Day 302. Wow. December. Hard to believe. February of this year sometimes feels a heartbeat away, and sometimes a lifetime ago. Like I've traveled around the cosmos, and like I never left my cushion. Like everything has changed, and nothing has budged. Like I'm a totally new person, and like I am the quintessential original me. Zen is so weird.

Sometimes I indulge my ego the teeniest bit and actually read the advertisements that pop up when I first go to my blog site. The ones giving advice on how to fancy up the appearance of my blog, how to increase readership, etc. I hog tie my ego with a good strong toss of my lasso, and never consider actually implementing any of the suggestions. Besides, I know what it would take to increase my readership. I would need to write blogs with titles such as "Zen and the Art of Multiple Orgasms." Or "Using Zen to Predict the Stock Market," or "Buddhist Principles for Effective Government." But no. I shall stick to my modest descriptions of chronic cushion sitting. Gassho to the brave troopers and fellow cushion sitters who continue to read this stuff.

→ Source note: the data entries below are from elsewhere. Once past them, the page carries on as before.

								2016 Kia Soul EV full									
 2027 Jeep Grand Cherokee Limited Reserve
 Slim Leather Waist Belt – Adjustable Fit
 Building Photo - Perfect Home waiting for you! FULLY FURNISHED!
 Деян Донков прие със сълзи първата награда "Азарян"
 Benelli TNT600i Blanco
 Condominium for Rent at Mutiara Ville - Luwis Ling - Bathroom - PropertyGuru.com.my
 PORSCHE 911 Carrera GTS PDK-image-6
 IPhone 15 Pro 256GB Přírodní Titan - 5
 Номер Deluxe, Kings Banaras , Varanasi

Speaking of modest descriptions, I have one for tonight. I am attempting to be increasingly mindful both on AND off my cushion. Like Suzuki Roshi points out, as zazen practice continues, it will begin to cover everything I do in my ordinary life. Today, I walked home for lunch to enjoy the sunshine and soak up a little dose of Vitamin D. On my way back to work (may I remind you, the total trek takes about 5 1/2 minutes), a few profound moments of zen descended upon me. I was on the sidewalk along Berry Road when I abruptly barged into the here-and-now. With my entire being. It was, literally, Just This! I felt my feet alternating between contact with the pavement and suspension in the air. I saw the leafless branches of recently disrobed trees gently swaying against a backdrop of feathery white streaks of cloud. I heard the vibrating purr of a scooter as it pulled out of the parking lot and headed north on Berry. The south breeze whispered across my cheek bones. Nothing more, and nothing less. Just This.

"Is this my own true nature?" my brain casually wondered. The thought vanished, and I felt the vastness of an emptied mind. Through some miracle of thoughtless, wordless awareness, "non-me" sensed that my own true nature -- the true nature of All -- had just resumed itself. Marvelous! Miraculous! Enlightenment in my office parking lot!

There is nothing more to say. I walked into the building and saw my next client. Had a tiny, flickering thought that went something like, "That was kinda cool," and a passing sense of poignancy that, so far, I don't dwell within my true nature for very long periods of time. Which saddens me a little, because True Nature ROCKS! That's okay. It is always there for (non) me. For all of us. Ready to resume itself.